Was "waiting for process substitutions"

For context:
$ git show -q origin/devel
commit 6c703092759ace29263ea96374e18412c59acc7f (origin/devel)
Author: Chet Ramey <chet.ra...@case.edu>
Date:   Thu Jul 18 16:48:17 2024 -0400

    job control cleanups; wait -n can return terminated jobs if
supplied pid arguments; wait -n can wait for process substitutions if
supplied pid arguments

On Thu, Jul 18, 2024 at 12:36 PM Chet Ramey <chet.ra...@case.edu> wrote:
>
> On 7/14/24 8:40 PM, Zachary Santer wrote:
>
> > On Fri, Jul 5, 2024 at 2:38 PM Chet Ramey <chet.ra...@case.edu> wrote:
> >>
> >> There is code tagged
> >> for bash-5.4 that allows `wait -n' to look at these exited processes as
> >> long as it's given an explicit set of pid arguments.
> >
> > I agree with all the knowledgeable people here telling you that the
> > way 'wait -n' is still implemented in bash-5.3-alpha is obviously
> > wrong, but I also want to point out that the way you plan to change
> > its behavior in bash-5.4 still won't allow Greg's example below to
> > work reliably.
>
> OK, but how would you do that? If a job has already terminated, and been
> removed from the jobs list, how would you know that `wait -n' without pid
> arguments should return it? There can be an arbitrary number of pids on
> the list of saved pids and statuses -- the only way to clear it using wait
> is to run `wait' without arguments.
>
> You can say not to remove the job from the jobs list, which gets into the
> same notification issues that originally started this discussion back in
> January, and I have made a couple of changes in that area in response to
> the original report that I think will address some of those. But once you
> move the job from the jobs list to this list of saved pids, `wait' without
> -n or pid arguments won't look for it any more (and will clear the list
> when it completes). Why should `wait -n' without pid arguments do so?

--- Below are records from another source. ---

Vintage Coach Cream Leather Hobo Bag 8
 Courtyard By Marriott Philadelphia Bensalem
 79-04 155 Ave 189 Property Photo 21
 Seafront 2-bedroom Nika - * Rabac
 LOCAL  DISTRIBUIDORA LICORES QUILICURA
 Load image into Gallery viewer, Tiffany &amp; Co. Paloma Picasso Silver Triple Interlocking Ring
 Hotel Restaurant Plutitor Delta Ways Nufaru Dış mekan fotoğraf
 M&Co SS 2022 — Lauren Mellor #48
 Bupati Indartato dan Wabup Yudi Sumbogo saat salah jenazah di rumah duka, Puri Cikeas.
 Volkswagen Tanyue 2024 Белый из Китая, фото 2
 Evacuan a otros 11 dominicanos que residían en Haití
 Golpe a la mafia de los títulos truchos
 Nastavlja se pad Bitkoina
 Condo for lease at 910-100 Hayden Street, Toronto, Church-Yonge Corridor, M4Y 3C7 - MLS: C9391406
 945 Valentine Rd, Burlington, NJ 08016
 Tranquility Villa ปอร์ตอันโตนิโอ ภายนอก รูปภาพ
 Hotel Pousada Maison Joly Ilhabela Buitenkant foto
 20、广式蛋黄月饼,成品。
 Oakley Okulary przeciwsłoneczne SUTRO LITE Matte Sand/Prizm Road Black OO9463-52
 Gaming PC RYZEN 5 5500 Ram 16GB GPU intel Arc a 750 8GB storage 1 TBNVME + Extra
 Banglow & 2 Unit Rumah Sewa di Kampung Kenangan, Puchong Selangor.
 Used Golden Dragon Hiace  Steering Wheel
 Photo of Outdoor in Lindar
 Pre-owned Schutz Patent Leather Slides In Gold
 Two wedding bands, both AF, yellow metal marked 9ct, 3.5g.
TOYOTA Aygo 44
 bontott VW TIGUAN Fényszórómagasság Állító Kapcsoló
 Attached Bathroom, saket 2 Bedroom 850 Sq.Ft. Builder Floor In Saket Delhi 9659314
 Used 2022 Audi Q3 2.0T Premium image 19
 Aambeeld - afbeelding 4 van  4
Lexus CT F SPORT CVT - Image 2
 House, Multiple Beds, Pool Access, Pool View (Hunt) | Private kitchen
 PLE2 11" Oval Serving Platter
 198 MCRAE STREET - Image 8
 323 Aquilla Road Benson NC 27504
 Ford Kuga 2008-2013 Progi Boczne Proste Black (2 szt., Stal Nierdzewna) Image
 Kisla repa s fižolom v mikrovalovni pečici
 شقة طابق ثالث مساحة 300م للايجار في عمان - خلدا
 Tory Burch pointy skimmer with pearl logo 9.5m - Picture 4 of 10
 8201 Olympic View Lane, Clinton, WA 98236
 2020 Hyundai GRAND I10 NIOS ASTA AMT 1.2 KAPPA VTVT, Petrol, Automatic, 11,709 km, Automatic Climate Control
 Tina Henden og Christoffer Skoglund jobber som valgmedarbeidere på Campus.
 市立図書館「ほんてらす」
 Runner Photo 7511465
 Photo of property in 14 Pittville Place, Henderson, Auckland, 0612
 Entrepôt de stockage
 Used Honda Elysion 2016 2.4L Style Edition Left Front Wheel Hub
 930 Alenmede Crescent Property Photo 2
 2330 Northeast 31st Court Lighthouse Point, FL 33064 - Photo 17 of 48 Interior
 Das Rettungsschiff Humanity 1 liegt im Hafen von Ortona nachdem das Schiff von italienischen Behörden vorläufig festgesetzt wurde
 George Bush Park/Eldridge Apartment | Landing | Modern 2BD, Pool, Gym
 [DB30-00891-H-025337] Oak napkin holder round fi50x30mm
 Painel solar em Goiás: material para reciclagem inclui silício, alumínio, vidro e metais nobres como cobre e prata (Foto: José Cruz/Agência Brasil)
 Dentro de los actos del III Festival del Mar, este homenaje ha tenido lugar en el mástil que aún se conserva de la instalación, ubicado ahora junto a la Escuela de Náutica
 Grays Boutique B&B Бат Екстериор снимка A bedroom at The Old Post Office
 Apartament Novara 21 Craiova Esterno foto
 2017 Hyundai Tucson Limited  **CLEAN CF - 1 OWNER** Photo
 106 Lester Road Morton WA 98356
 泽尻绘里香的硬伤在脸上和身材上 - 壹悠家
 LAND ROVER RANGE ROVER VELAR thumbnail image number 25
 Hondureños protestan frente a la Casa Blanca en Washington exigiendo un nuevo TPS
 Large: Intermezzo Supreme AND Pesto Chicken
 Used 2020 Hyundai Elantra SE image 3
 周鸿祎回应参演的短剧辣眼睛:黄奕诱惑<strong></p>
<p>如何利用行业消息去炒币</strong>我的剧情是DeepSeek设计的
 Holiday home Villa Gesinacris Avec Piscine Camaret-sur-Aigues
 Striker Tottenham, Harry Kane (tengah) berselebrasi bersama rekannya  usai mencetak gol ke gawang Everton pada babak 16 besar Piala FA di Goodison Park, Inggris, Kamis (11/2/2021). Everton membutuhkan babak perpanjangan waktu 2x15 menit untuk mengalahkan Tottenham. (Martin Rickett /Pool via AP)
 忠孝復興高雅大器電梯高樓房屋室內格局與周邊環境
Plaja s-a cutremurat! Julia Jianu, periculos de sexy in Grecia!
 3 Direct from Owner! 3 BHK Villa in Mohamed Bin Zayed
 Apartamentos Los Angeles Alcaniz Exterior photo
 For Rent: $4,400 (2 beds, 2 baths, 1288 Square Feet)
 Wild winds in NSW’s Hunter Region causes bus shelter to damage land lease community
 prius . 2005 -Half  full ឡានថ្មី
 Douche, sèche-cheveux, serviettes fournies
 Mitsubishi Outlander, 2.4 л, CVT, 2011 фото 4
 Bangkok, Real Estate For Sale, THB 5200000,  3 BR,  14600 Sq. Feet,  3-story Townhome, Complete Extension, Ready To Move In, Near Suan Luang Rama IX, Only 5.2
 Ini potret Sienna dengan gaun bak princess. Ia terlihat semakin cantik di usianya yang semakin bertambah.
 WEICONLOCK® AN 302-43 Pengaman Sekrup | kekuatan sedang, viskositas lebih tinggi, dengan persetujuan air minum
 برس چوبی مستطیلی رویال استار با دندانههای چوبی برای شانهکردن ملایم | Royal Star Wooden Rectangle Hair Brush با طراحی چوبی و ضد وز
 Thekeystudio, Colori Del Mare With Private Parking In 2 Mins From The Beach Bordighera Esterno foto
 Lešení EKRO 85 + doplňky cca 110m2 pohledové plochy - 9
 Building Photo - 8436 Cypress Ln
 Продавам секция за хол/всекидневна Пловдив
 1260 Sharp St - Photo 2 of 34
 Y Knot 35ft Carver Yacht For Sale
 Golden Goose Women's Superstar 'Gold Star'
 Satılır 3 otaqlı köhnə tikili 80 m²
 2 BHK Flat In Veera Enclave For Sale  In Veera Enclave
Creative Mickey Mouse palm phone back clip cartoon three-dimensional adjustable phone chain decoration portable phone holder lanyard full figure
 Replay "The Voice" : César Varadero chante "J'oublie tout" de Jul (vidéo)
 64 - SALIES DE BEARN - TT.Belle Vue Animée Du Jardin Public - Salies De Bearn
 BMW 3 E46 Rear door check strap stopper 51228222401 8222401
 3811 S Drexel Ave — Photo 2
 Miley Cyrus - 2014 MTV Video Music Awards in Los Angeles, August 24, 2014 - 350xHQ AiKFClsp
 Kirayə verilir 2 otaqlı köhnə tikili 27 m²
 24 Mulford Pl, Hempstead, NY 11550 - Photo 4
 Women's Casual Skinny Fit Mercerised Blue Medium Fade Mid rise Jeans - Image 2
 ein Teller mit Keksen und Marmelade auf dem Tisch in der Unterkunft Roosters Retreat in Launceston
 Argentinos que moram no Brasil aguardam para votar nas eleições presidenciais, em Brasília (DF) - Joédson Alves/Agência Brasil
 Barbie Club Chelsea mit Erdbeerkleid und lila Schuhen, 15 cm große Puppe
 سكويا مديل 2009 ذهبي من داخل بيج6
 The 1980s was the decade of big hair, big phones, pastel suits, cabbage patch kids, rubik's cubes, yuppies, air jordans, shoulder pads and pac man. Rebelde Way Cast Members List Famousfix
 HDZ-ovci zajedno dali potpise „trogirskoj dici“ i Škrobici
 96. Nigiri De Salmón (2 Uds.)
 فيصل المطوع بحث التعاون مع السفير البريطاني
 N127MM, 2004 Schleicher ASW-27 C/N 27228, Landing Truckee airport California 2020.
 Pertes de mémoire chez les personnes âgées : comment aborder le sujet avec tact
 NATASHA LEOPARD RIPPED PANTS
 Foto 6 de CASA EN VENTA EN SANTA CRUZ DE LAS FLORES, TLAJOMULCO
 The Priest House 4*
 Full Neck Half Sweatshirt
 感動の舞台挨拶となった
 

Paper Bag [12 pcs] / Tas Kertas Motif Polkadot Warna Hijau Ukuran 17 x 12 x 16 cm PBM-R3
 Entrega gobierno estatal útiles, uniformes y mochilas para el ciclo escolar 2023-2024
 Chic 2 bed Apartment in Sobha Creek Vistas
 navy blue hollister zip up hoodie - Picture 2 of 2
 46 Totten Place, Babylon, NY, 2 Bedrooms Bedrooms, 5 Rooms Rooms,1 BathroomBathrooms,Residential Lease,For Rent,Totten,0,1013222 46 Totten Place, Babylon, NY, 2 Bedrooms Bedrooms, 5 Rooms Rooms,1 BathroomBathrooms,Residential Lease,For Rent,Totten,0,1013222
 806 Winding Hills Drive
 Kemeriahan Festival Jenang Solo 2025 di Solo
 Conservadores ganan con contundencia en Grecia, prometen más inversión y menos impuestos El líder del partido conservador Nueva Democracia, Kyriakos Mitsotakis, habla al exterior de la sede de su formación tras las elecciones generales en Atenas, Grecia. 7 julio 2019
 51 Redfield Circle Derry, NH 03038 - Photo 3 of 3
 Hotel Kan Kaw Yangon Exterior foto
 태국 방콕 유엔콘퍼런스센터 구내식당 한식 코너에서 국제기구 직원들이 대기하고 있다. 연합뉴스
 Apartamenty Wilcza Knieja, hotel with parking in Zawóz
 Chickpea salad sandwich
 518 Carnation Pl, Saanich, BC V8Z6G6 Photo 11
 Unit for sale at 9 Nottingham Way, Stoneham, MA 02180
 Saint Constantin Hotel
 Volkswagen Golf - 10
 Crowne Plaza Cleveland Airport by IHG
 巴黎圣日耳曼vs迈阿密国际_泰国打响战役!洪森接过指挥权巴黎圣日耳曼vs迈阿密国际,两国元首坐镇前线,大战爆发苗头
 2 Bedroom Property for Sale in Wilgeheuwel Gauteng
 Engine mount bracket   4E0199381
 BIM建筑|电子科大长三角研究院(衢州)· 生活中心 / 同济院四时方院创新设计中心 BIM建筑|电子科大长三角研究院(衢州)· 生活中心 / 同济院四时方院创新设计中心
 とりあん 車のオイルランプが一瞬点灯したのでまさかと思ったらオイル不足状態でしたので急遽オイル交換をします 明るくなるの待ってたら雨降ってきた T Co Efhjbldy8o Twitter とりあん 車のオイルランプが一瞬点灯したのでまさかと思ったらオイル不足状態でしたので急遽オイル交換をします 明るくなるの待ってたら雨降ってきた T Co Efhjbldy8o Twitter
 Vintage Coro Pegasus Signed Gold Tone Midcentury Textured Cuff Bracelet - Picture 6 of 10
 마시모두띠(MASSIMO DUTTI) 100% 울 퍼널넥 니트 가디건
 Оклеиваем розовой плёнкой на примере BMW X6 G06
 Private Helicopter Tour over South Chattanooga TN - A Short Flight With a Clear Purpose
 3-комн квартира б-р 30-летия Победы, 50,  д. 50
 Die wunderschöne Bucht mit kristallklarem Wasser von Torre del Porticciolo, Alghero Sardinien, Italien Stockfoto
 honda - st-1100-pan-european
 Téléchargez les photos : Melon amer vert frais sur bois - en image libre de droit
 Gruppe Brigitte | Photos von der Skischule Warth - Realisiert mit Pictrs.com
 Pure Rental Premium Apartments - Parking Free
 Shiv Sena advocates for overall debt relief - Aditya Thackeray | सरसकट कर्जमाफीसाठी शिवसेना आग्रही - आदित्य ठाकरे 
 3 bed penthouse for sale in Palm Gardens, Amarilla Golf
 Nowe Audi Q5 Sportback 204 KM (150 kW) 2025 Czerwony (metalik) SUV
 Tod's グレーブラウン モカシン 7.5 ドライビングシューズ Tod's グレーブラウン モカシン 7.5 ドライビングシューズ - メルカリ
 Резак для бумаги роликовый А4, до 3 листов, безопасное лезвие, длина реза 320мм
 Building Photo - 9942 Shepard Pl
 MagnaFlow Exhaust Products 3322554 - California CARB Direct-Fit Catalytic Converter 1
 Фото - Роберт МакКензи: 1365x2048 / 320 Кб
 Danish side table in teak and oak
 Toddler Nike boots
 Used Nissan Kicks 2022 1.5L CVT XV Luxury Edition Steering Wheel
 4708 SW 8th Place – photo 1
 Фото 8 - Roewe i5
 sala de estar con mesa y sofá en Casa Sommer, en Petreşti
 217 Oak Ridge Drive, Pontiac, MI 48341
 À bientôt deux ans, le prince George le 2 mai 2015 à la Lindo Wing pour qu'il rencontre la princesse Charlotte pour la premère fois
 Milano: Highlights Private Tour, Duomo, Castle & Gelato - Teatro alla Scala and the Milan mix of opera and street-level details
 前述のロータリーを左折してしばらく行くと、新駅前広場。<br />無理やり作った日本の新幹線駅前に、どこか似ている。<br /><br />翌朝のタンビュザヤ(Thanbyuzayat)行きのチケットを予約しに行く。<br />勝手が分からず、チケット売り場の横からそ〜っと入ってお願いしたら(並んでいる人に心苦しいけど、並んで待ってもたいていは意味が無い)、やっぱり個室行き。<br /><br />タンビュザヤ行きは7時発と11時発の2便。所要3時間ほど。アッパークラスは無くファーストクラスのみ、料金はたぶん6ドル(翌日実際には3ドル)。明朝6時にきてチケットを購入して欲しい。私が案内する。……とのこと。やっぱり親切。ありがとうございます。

'wait' without -n or pid arguments doesn't look in the list of saved
pids and statuses simply because it would serve no purpose for it to
do so. The return status will be 0, no matter how any child process
terminated, or even if there never was a child process. *

For 'wait -n', on the other hand:
"If the -n option is supplied, wait waits for a single job from the
list of ids or, if no ids are supplied, any job, to complete and
returns its exit status."
People are going to naturally expect 'wait -n' without pid arguments
to return immediately with the exit status of an already-terminated
child process, even if they don't provide id arguments. In order to do
so, 'wait -n' obviously has to look in the list of saved pids and
statuses.

> > On Fri, Jul 12, 2024 at 9:06 PM Greg Wooledge <g...@wooledge.org> wrote:
> >>
> >> greg@remote:~$ cat ~greybot/factoids/wait-n; echo
> >> Run up to 5 processes in parallel (bash 4.3): i=0 j=5; for elem in 
> >> "${array[@]}"; do (( i++ < j )) || wait -n; my_job "$elem" & done; wait
> >
> > He'd have to do something like this:
> > set -o noglob
> > i=0 j=5
> > declare -a pid_set=()
> > for elem in "${array[@]}"; do
> >    if (( ! i++ < j )); then
> >      wait -n -p terminated_pid -- "${!pid_set[@]}"
> >      unset pid_set[terminated_pid]
> >    fi
> >    my_job "$elem" &
> >    pid_set[${!}]=''
> > done
> > wait
> >
> > It's probably best that 'wait -n' without arguments and 'wait -n' with
> > explicit pid arguments have the same relationship to each other as
> > 'wait' without arguments and 'wait' with explicit pid arguments.
>
> That's pretty much what we're talking about here. `wait' without arguments
> doesn't look in the list of saved statuses whether -n is supplied or not.
> `wait' with pid argument should look in this list whether -n is supplied or
> not. But see below for the differences between `wait' with and without pid
> arguments whether -n is supplied or not.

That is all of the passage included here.